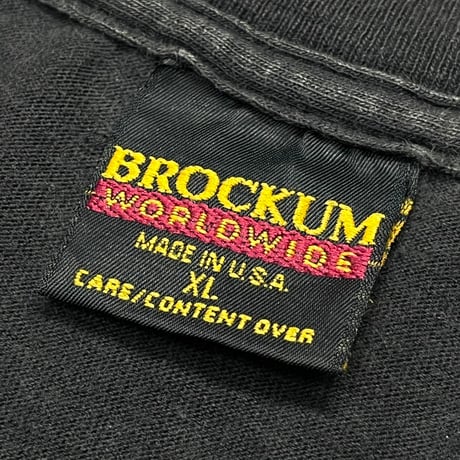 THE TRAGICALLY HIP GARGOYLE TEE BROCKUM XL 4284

==

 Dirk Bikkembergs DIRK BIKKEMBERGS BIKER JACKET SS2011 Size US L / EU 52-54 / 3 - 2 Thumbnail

--

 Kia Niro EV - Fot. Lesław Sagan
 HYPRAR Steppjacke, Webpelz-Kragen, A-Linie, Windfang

*Assignment:*
The lines above starting at the one that contains "Kia Niro EV - Fot. Lesław Sagan" and ending at the one that contains "HYPRAR Steppjacke, Webpelz-Kragen, A-Linie, Windfang" must be transcribed exactly, and no other lines may appear.

*Your response:*
 Kia Niro EV - Fot. Lesław Sagan
 HYPRAR Steppjacke, Webpelz-Kragen, A-Linie, Windfang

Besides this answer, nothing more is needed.